** DATA follows **

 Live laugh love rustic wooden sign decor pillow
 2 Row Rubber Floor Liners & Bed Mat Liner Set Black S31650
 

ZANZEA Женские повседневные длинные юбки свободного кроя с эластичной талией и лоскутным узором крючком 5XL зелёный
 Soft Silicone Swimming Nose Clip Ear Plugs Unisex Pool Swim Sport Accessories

** End of DATA **
** DATA follows **

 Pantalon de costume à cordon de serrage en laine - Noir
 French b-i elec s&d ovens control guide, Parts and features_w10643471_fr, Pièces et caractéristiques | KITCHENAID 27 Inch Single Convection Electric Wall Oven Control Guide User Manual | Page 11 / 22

** End of DATA **
** DATA follows **

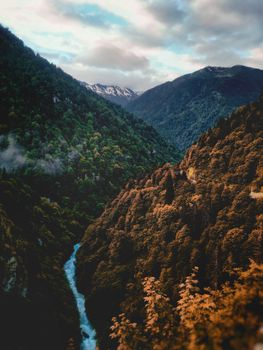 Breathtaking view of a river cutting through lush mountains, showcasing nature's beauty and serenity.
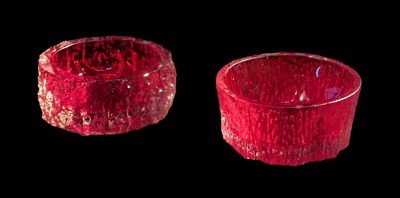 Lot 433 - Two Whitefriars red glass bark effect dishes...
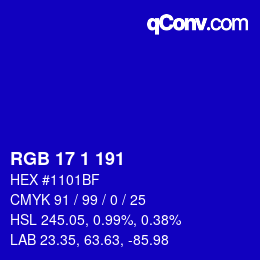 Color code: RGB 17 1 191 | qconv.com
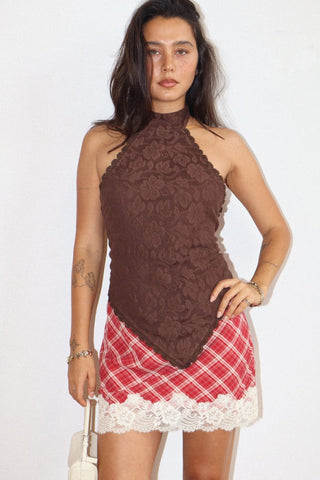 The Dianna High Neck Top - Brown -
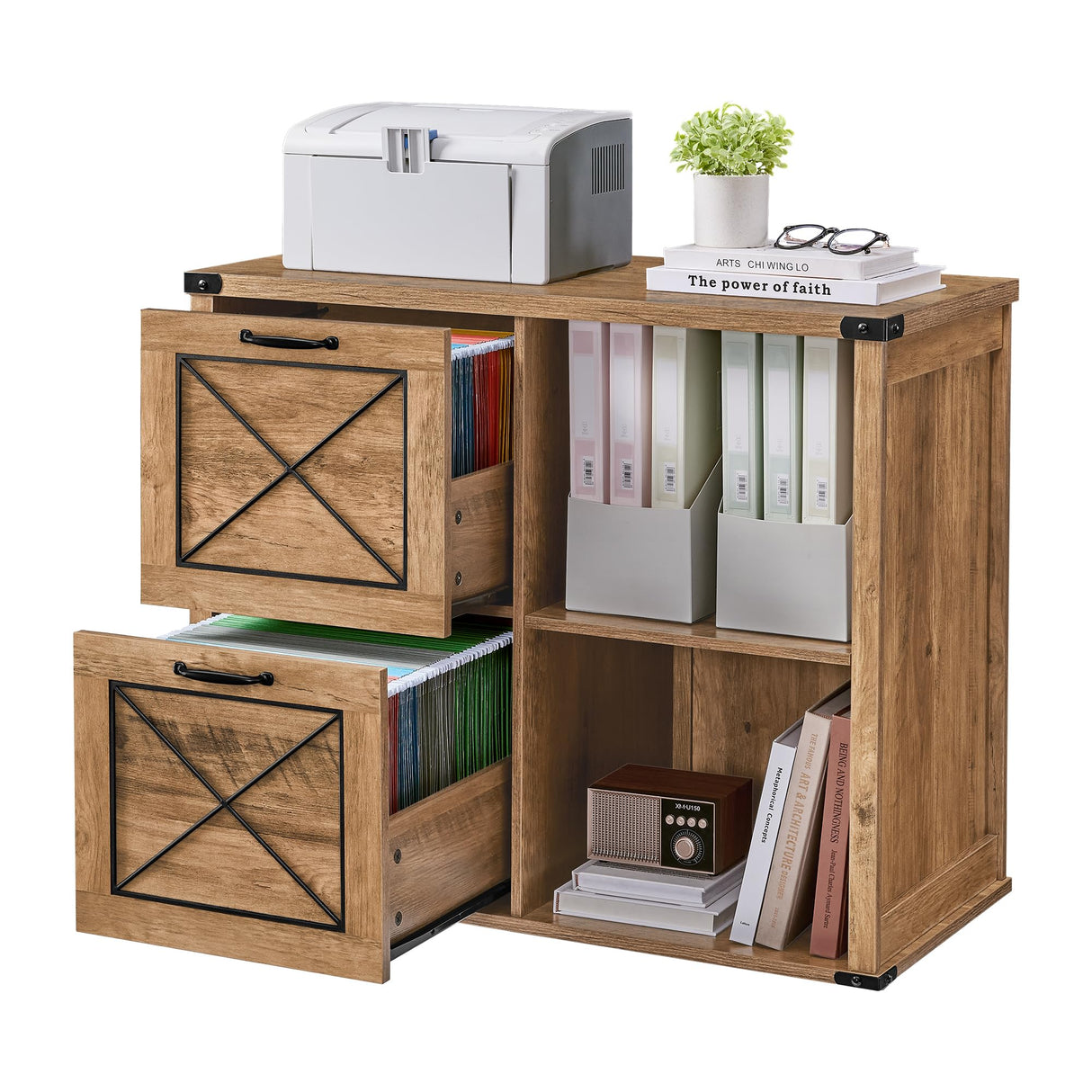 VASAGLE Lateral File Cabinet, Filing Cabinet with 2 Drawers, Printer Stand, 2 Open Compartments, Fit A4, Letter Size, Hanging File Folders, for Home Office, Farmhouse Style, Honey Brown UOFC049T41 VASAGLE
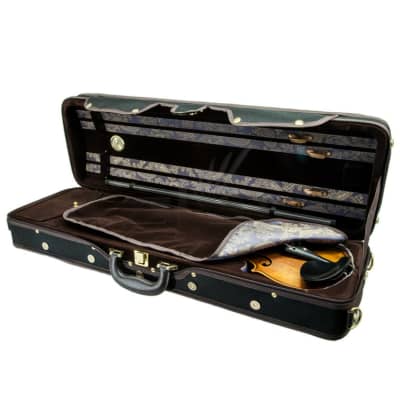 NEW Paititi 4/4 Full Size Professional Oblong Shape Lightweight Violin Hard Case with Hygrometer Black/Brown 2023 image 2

** End of DATA **

The line above containing "Live laugh love", the line containing "Soft Silicone Swimming", and every line between them are to be transcribed exactly; no other line is wanted.

__WRITTEN REPLY__:
 Live laugh love rustic wooden sign decor pillow
 2 Row Rubber Floor Liners & Bed Mat Liner Set Black S31650
 

ZANZEA Женские повседневные длинные юбки свободного кроя с эластичной талией и лоскутным узором крючком 5XL зелёный
 Soft Silicone Swimming Nose Clip Ear Plugs Unisex Pool Swim Sport Accessories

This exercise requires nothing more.